>Not only that, they also assume or pretend that this is obviously violating copyright, when in fact this is a) not clear, and b) pending determination by courts and legislators around the world.
Legislation always takes time to catch up with tech, that's not new.
The question I'm see being put forth from those with legal and IP backgrounds is about inputs vs. outputs, as in "if you didn't have access to X (which has some form of legal IP protection) as an input, would you be able to get the output of a working model?" The comparison here is with manufacturing where you have assembly of parts made by others into some final product and you would be buying those inputs to create your product output.

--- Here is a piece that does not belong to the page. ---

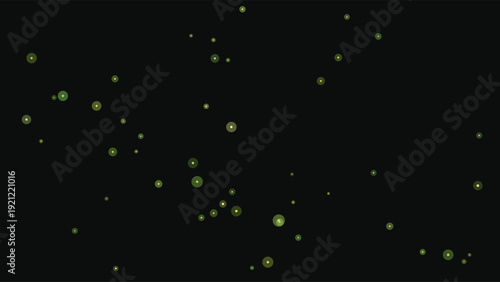 Abstract cosmic digital illustration of glowing green stars against deep black space background with soft bokeh effect for futuristic sci-fi design
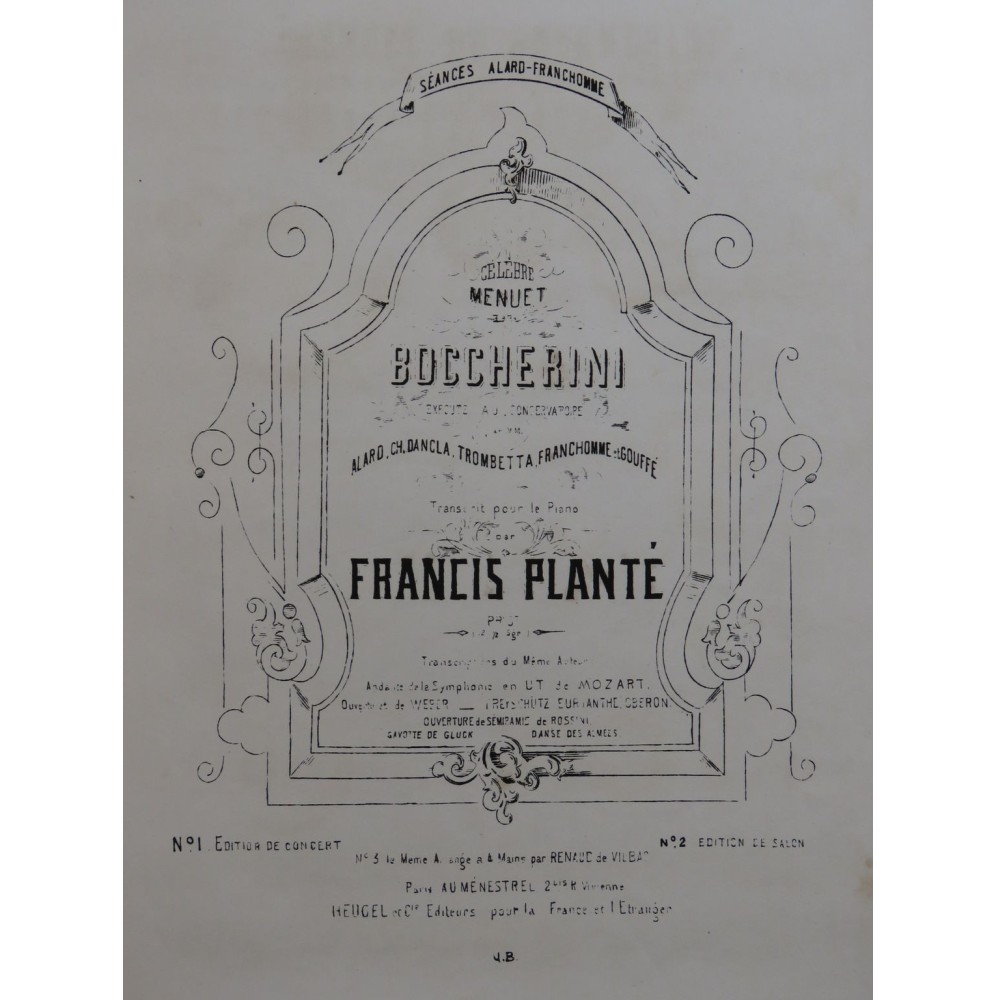 BOCCHERINI Luigi Menuet Piano 1873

The cost of purchasing the required inputs is not being done for AI, which pretty solidly puts AI trained on copyrighted materials in hot water. The fact that it's an imperfect analogy and doesn't really capture the way software development works is irrelevant if the courts end up agreeing with something they can understand as a comparison.
All that being said I don't think the legality is under consideration for any companies building a model - the profit margins are too high to care for now, and catching them at it is potentially difficult.
There's also a tendency for AI advocates to try and say that AI/LLM's are "special" in some way, and to compare their development process to someone "learning" the style of art (or whatever input) that they then internalize and develop into their own style. Personally I think that argument gives a lot of assumed agency to these models that they don't actually have, and weakens the overall legal case.